◆ What you should do ◆
Could you count how many lines of the data include "Casa" and answer with the number only?

◆ Records from a data source ◆
++++++++++

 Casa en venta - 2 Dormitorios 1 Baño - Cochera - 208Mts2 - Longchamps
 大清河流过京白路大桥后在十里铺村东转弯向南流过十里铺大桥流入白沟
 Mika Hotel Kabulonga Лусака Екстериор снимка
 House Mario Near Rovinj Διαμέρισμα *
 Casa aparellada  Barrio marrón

++++++++++

◆ Exercise solution ◆
2